Authors: Mullosharaf K. Arabov

arXiv · PDF

Summary

The author presents TajPersLexon, a curated 40,112-pair Tajik-Persian parallel lexicon for cross-script lexical tasks (retrieval, transliteration, alignment) in a low-resource setting. The benchmark compares three families of methods—lightweight hybrid pipelines, neural sequence-to-sequence, and retrieval—on CPU only. Neural and retrieval baselines hit 98–99% top-1 accuracy, essentially solving exact lexical matching, but large multilingual sentence transformers fail. The hybrid model offers a practical accuracy-efficiency trade-off, achieving 96.4% accuracy on an OCR post-correction task, and is interpretable and fast.
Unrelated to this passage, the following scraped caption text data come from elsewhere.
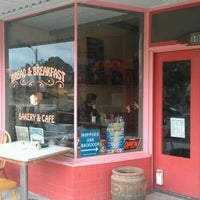Foto diambil di Judy&amp;#39;s Bread &amp;amp; Breakfast Bakery &amp;amp; Cafe oleh Sheila S. pada 4/8/2012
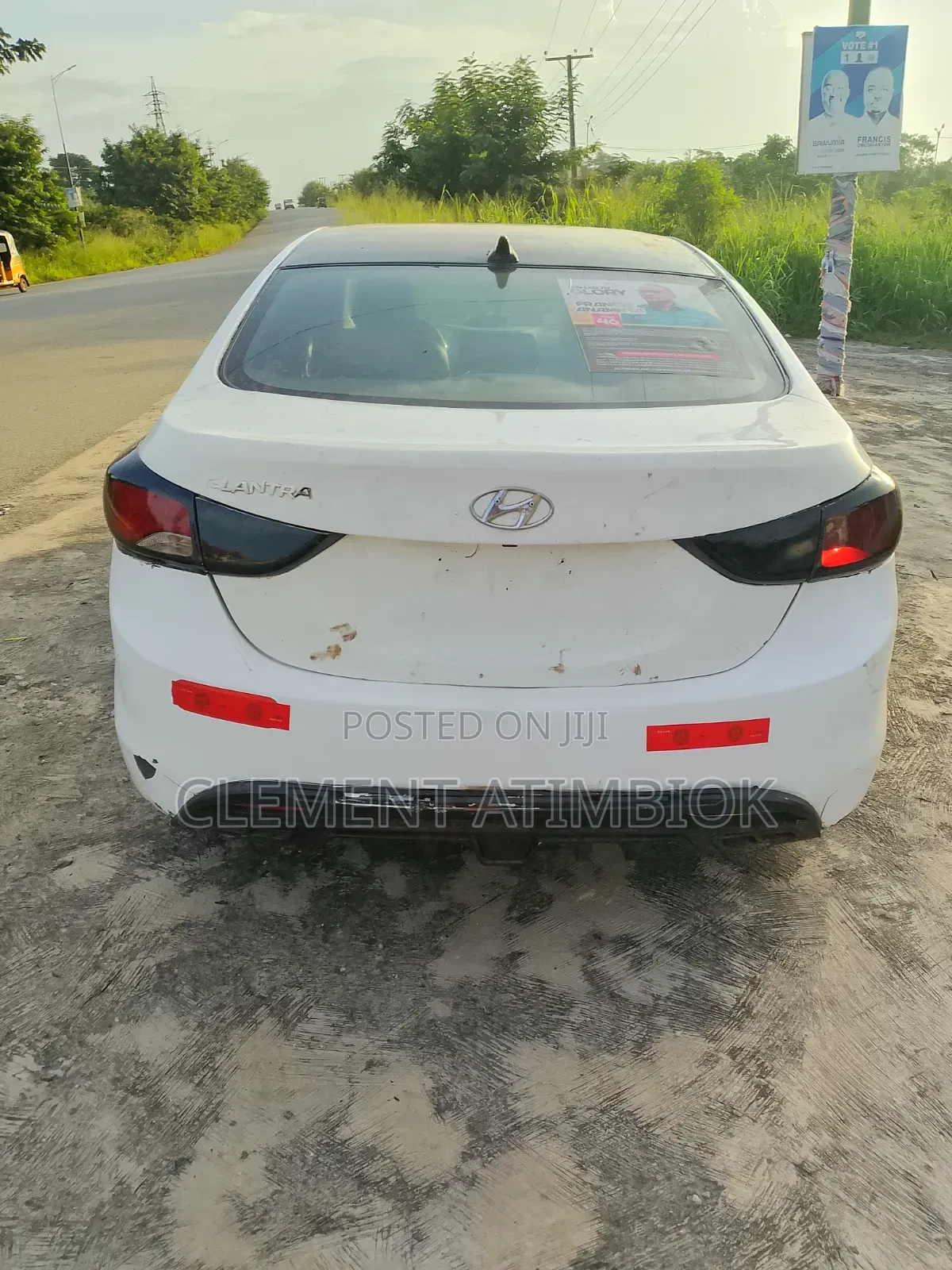 Hyundai Elantra Limited Sedan FWD (1.8L 4cyl 6A) 2013 White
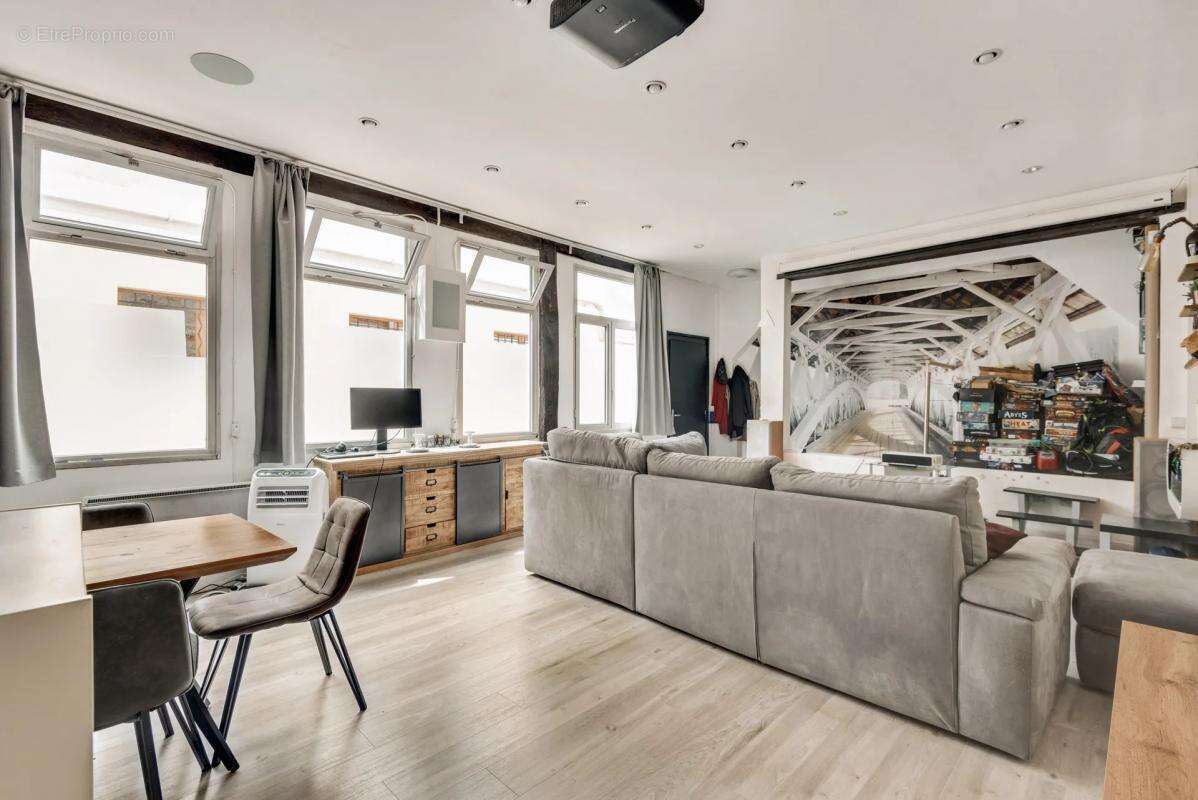 Appartement à PARIS-11E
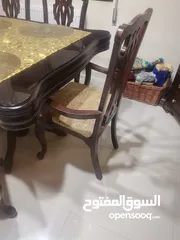  1 طاولة سفرة مع 8 كراسي وبوفيه للبيع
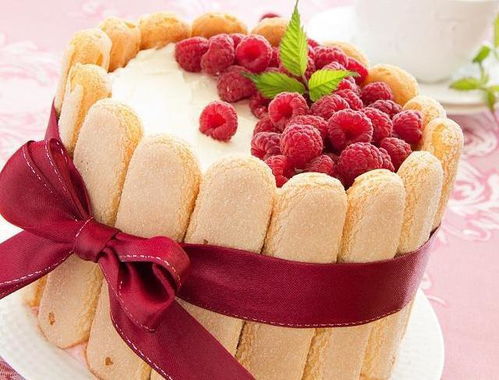 生日赠言八个字 唯美生日短句八个字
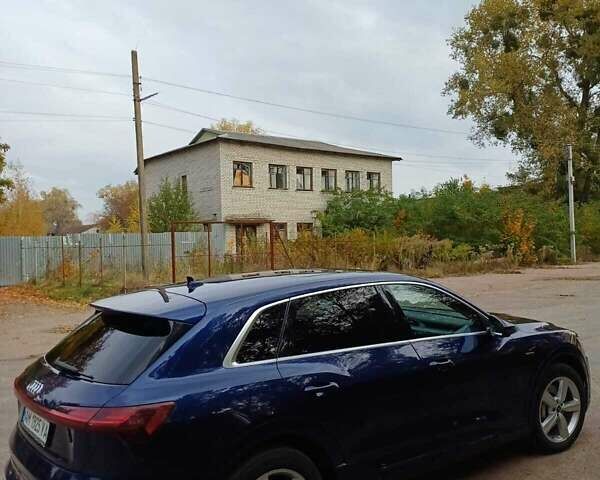 Синій Ауді E-Tron, об'ємом двигуна 0 л та пробігом 119 тис. км за 34466 $, фото 7 на Automoto.ua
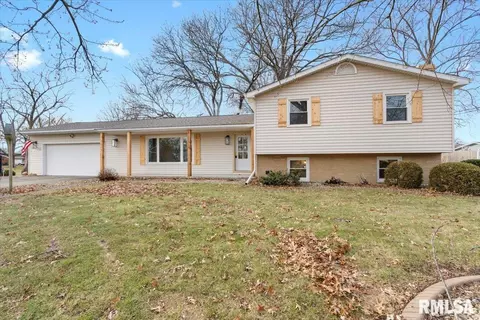 19 Arabian Trl, Springfield, IL 62702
All experiments use fixed random seeds for full reproducibility; dataset, code, and models will be released.

Main takeaways:

  • TajPersLexon is a 40k-pair Tajik-Persian lexicon for cross-script word/short-phrase matching (Cyrillic Tajik ↔ Persian script).
  • Neural seq2seq and retrieval methods nearly solve the task (98–99% top-1 accuracy) on exact lexical matching.
  • Multilingual sentence transformers fail despite being large, showing that sentence-level embeddings don't transfer to exact lexical tasks.
  • The lightweight hybrid model (rule-based + small neural components) is interpretable, CPU-friendly, and achieves 96.4% on real-world OCR correction.
  • All code, data, and models will be open-sourced with fixed seeds for reproducibility.

Relevance

No obvious connection to my persona or midtraining work—this is a low-resource NLP lexicon task. Included because the methodological lesson (large sentence embeddings fail on exact lexical tasks; hybrid approaches win on efficiency) is a useful general reminder about task-method fit.

Threat model

Potential threat/caveat for clean result "Fine-tuning one persona on a two-marker chunk and another on the start marker plants the end marker at every donor answer's end, not chained to the start (LOW confidence)": this item discusses evaluation, benchmark.

Abstract

arXiv:2605.06886v1 Announce Type: new Abstract: This work introduces TajPersLexon, a curated Tajik--Persian parallel lexical resource of 40,112 word and short-phrase pairs for cross-script lexical retrieval, transliteration, and alignment in low-resource settings. We conduct a comprehensive CPU-only benchmark comparing three methodological families: (i) a lightweight hybrid pipeline, (ii) neural sequence-to-sequence models, and (iii) retrieval methods. Our evaluation establishes that the task is essentially solvable, with neural and retrieval baselines achieving 98-99% top-1 accuracy. Crucially, we demonstrate that while large multilingual sentence transformers fail on this exact lexical matching, our interpretable hybrid model offers a favorable accuracy-efficiency trade-off for practical applications, achieving 96.4% accuracy in an OCR post-correction task. All experiments use fixed random seeds for full reproducibility. The dataset, code, and models will be publicly released.